Acara Mappadendang ini biasanya dilakukan di lapangan terbuka dan dimulai setelah maghrib atau malam hari.
Mappadendang tak hanya sebagai wujud rasa syukur, namun juga sebagai cara memupuk rasa persaudaraan.
Mattojang atau permainan ayunan raksasa merupakan sebuah tradisi khas masyarakat Bugis yang cukup menarik.
Tradisi ini tak hanya berfungsi sebagai ritual pemujaan atau persembahan kepada manusia pertama dalam kepercayaan mitologis Bugis, tapi juga bermakna hiburan dan ajang uji nyali dan keberanian.
Dalam tatanan linguistik Bugis, Mattojang berasal dari kata "tojang" yang berarti ayunan. Sementara secara kultural, istilah Mattojang diartikan sebagai permainan berayun atau berayun-ayun
Mattojang tidak dapat dilepaskan dari legenda masyarakat Bugis terkait proses turunnya manusia pertama yaitu Batara Guru dari Botting Langi’ (Negeri Khayangan) ke Bumi.

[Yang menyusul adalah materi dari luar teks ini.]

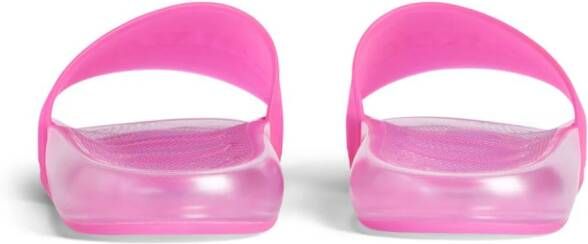 Balenciaga logo-embossed transparent pool slides Pink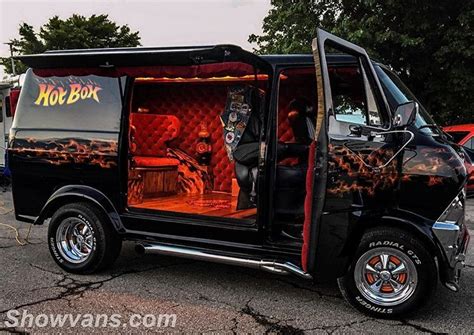 Custom Chevy Van With Orange And Red Design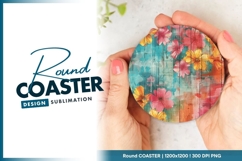 Floral Design with Turquoise Orange Round Coaster Png Product Image 1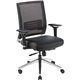 Lorell Heavy-duty Full-Function Executive Mesh Back Office Chair - Black Leather Seat - 5-star Base - Black - 1 Each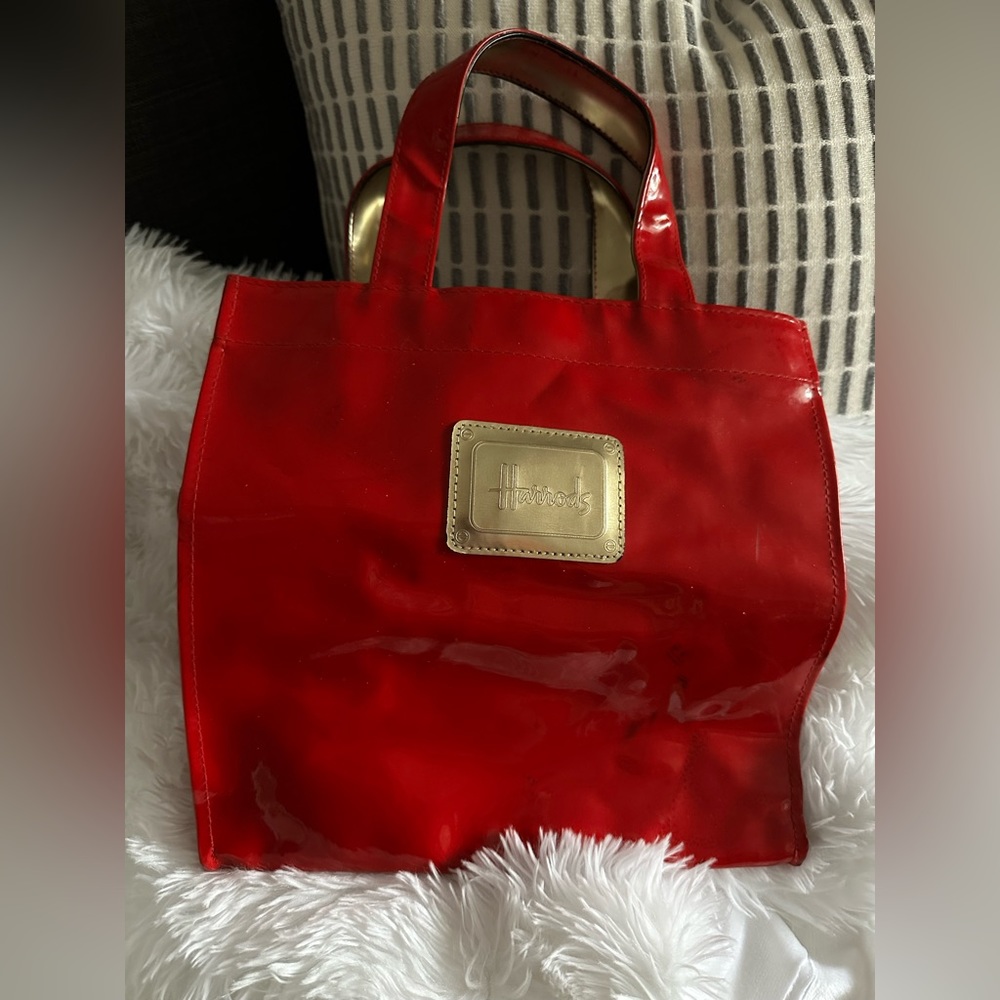 Vintage Harrods Red Patent Leather Tote Bag, Highly Collectible ❤️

Batara Guru dalam mitos kebudayaan Bugis adalah nenek dari Sawerigading, ayah dari La Galigo yang merupakan tokoh mitologi Bugis yang melahirkan mahakarya dunia yakni kitab La Galigo.
Menurut kepercayaan masyarakat Bugis, Batara Guru turun dari Kayangan dengan menggunakan Tojang Pulaweng yang berarti ayunan emas.

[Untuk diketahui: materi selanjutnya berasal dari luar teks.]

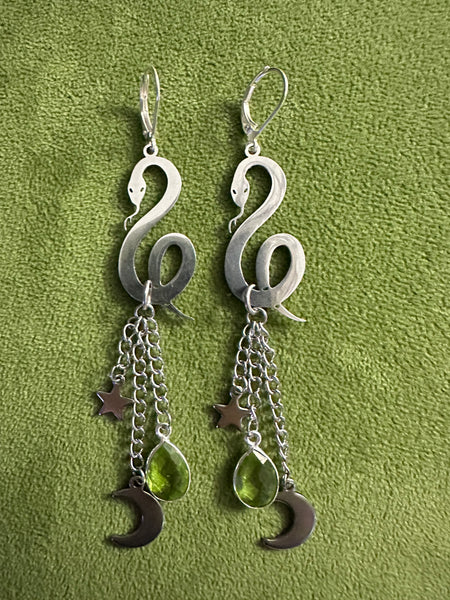 Peridot and Snake Earrings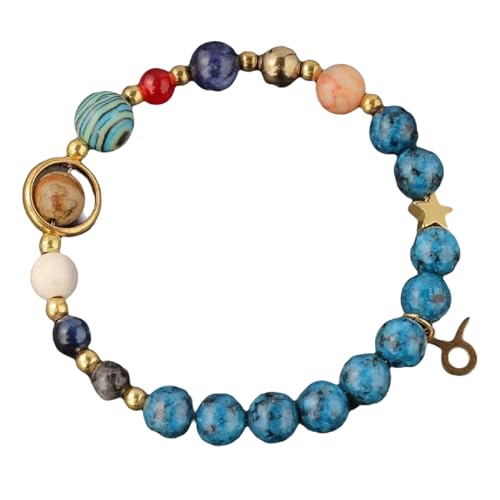 Zwölf Sternzeichen Naturstein Armbänder Blau Marmor Rot Blau Malachit Lapislazuli Zeichenstein Türkis Männer Frauen Muttertag Weihnachten Geburtstagsgeschenke, 6.6-8.5inch, Natürliches Erz, Malachit von Generisch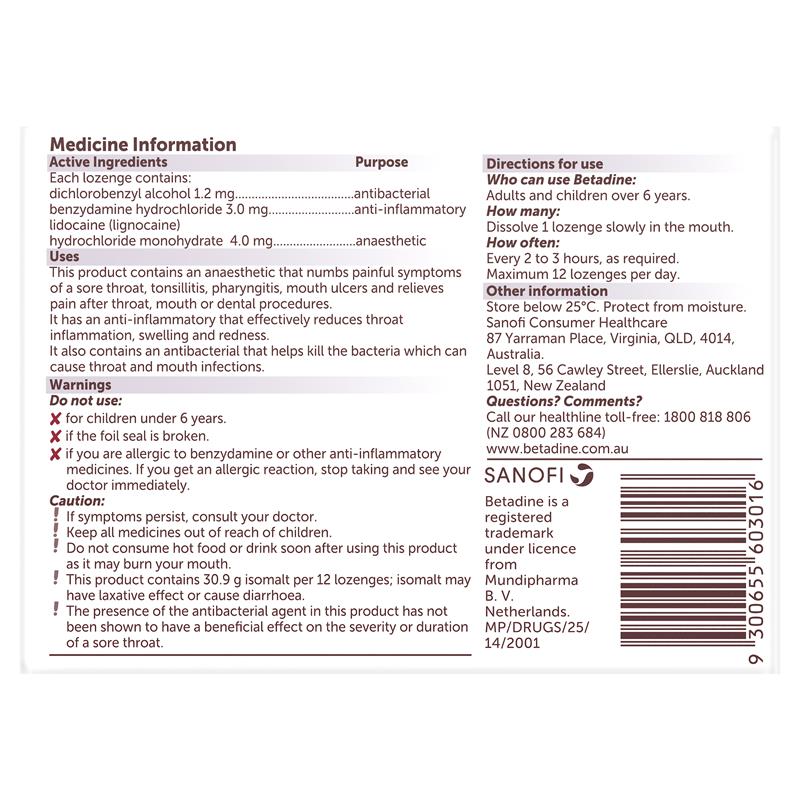 Betadine Anaesthetic Sore Throat Lozenges Berry 16 Pack - Vital Pharmacy Supplies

Legenda inilah kemudian berkembang dan menjadi bagian dari prosesi adat Mattojang.
Mappacci adalah adat dalam pernikahan Suku Bugis yang dilakukan sebelum akad nikah atau ijab kabul.
Mappacci atau Mappaccing berasal dari kata "Paccing" yang berarti bersih, yang dimaksudkan untuk membersihkan semua hal yang menghambat pernikahan.
Tradisi Mappacci dihadiri oleh segenap keluarga dengan melengkapi segala peralatan yang harus dipenuhi.
Peralatan Mappacci yaitu pacci, daun kelapa, daun pisang, bantal, gula, sarung sutera, lilin, dan masih banyak lagi.
Prosesi Mappacci telah diwariskan secara turun-temurun dari nenek moyang dengan berbagai makna dan nasehat yang baik bagi kedua mempelai.